Types of Customer Service Level Agreements
Look at these:
Interaction SLAs – when you talk to the customer, look at whether you can understand, respond, and resolve their queries.
Accessibility SLAs – what are the possible ways your customers can reach you at different times of the day – business and non-business hours.
Multi-level SLAs – some queries might be so complex that a first call resolution may not be possible. It may require multiple departments or functions to work together to resolve. That’s when these multi-level SLAs make sense, which can be invoked by the representative handling the query.
How SLA Can Delight Our Customers?
Customers don’t care how complex their query is – they want a resolution. It doesn’t matter how many teams internally will collaborate to provide a solution, and you have to commit to a resolution. Let us assume that you, as a customer service representative, have provided six hours as the resolution time, then six hours it is.
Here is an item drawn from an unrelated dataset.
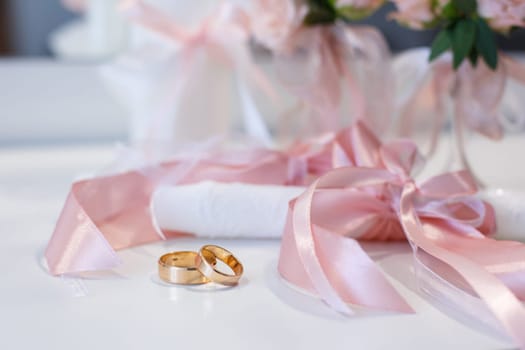 Wedding details, symbol of love and marriage. Close up of gold universal wedding rings lying on the table. Concept of wedding symbols and attributes.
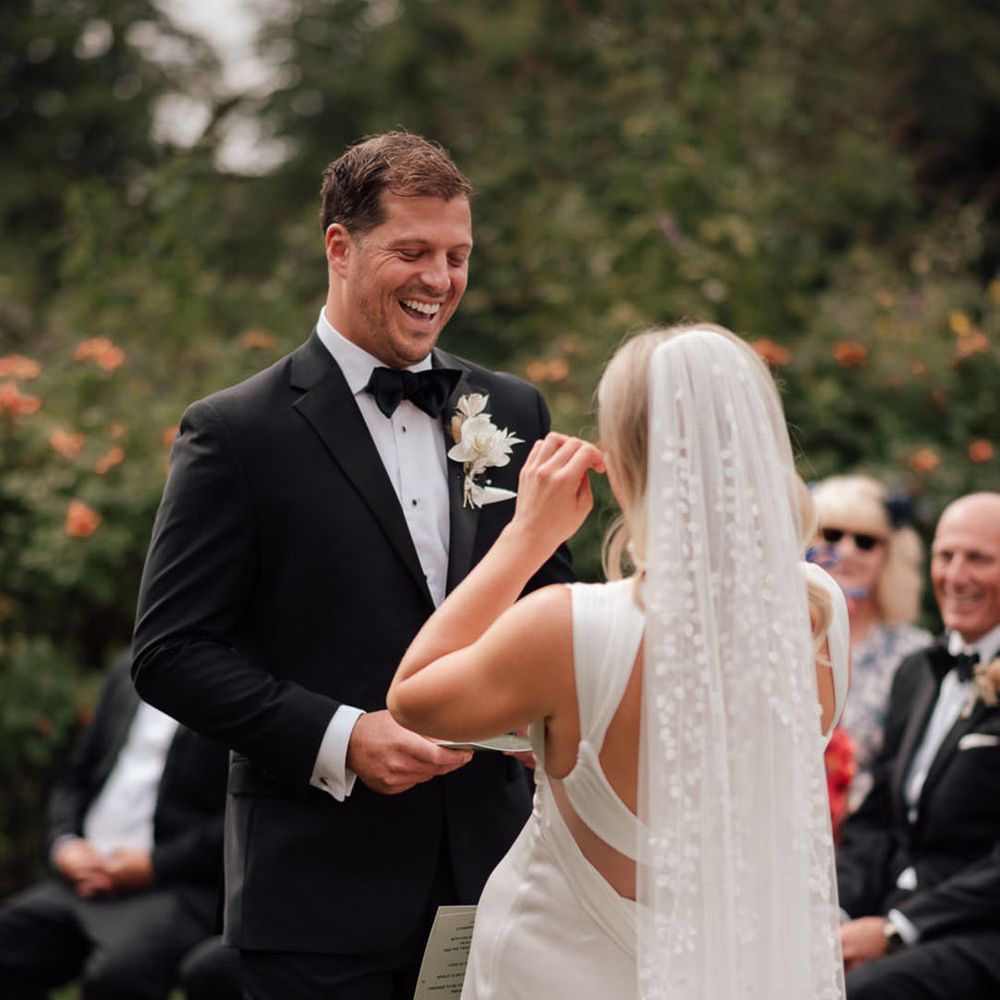  The groom in a black tuxedo reads out his wedding vows for the humanist wedding ceremony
Earlier, resolving an SLA meant a lot of coordination between functions, but today, it is being handled with technology.
Let us look at an example of a multi-brand outlet. They promise an SLA. Say you buy a Television from them, the SLA is that the TV gets delivered within 24 hours, and the installation happens within the next 24 hours. The person delivering the TV is from the supply chain department of the retail outlet, and the person demonstrating and installing the TV is from the service department of the OEM. However, as a multi-brand outlet, you manage this SLA, where you don’t have too much control.
Imagine doing this without the aid of technology.
It is about a combination of technology, integrations, visibility, transparency, empowerment, coordination, and proactive communication that will allow you to manage the complex world of SLAs.